As can be seen from the data, different types are stronger in different stats. Depending on your personal battle strategy you may want to choose a type other than Dragon. Or maybe you aren't looking for the best of the best in a particular stat and are just looking for a type that is well rounded and has as few shortcomings as possible.
It should also be noted that Shuckle comes up a ridiculous number of times as either the strongest or weakest Pokémon in a particular stat. It also seems far more likely to tie for the lowest value in a particular stat than to tie for the highest value. Also, the Normal type seems to contain a particularly large number of outliers.
##So You've Fallen In Love With A Type, How Many New Friends Do You Have?
```{r}
pokemelt <- na.omit(melt(pokemon, id.var = "Name", measure.vars = c("Type_1", "Type_2")))
```
***
Now that you have decided what type of Pokémon will always be at your side, how many options do you have? Out of `r dim(pokemon)[1]` Pokémon, how many are your type?
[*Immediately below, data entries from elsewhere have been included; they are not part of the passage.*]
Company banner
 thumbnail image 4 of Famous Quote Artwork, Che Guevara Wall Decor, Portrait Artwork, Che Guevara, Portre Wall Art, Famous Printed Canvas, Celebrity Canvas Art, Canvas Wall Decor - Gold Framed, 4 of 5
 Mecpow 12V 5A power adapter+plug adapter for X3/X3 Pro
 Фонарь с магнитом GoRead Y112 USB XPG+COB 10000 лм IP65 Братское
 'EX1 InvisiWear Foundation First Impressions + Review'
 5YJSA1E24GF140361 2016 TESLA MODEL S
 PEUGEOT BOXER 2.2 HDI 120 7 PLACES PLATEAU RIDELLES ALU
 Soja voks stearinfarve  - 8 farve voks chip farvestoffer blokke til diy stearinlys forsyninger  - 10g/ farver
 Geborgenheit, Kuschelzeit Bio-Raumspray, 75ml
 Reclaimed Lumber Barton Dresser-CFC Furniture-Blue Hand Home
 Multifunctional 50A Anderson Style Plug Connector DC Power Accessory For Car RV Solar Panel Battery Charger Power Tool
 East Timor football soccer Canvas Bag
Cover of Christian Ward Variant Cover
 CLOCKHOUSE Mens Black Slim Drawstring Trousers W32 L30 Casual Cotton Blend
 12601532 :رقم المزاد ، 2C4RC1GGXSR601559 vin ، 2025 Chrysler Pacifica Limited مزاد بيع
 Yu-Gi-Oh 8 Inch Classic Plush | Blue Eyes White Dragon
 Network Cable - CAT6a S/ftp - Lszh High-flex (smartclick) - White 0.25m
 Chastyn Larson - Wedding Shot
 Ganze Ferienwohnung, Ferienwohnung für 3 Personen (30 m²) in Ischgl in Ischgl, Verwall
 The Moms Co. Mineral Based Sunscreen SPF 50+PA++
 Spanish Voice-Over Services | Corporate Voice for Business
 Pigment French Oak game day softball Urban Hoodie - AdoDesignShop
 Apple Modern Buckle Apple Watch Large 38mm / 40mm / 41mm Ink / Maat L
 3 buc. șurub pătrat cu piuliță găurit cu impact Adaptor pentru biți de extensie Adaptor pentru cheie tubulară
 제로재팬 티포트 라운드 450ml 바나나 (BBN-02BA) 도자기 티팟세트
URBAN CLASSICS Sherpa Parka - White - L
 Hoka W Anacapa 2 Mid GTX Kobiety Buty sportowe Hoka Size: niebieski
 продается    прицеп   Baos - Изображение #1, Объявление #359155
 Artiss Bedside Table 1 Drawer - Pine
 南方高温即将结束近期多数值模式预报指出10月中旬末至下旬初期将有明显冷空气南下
The following waffle chart shows how common each type of Pokémon is: every square represents one percent of the total Pokémon population.
```{r}
nrows <- 10
grid <- expand.grid(y = 1:nrows, x = 1:nrows)
counts <- rle(sort(pokemelt$value))
grid$type <- rep(counts[[2]], round(nrows^2 * (counts[[1]] / sum(counts[[1]]))))
waffle <- ggplot(grid, aes(x = x, y = y, fill = type))
waffle <- waffle + geom_tile(color = "white", size = 1) + scale_fill_manual(values = palette)
waffle <- waffle + labs(title = "Frequencies of Pokemon Types", fill = "Type")
waffle <- waffle + scale_y_continuous(trans = 'reverse') + coord_equal() + theme_void()
waffle
```
As can be seen from the waffle chart above, the most common type of Pokémon, by a significant margin, is the Water type — representing eleven percent of all Pokémon. Types such as Fairy, Ice, and Ghost are much more rare at only three percent of the population each. Does rarity add to the value of a Pokémon? Or only add to the frustration involved in finding it? That is for you to decide!
##Conclusion (Sorta)
With a dataset this big, there is far more to be explored! I do feel, however, that I have covered a good portion of the type-related variables. Overall the stats of Pokémon vary wildly, and the distribution of the Total stat, for example, is far from normal. The histogram most clearly shows the shape of this distribution as multimodal and with several outliers on the high-end.
Overall, it seems like the Dragon type is the best type. It has a high number of legendary Pokémon associated with it and it comes out on top in the Total stat and is a consistent leader in the other six stats as well. Its only drawback would be its relative rarity at only four percent of all Pokémon.
In the end, however, the choice of Pokémon is far more complicated than just looking at the types. In my analysis I failed to test for the most important Pokémon choosing factor: the cuteness factor. Oh well, perhaps someday statisticians will find a way to quantify "cuteness", but until then, I'll have to stick to my numbers.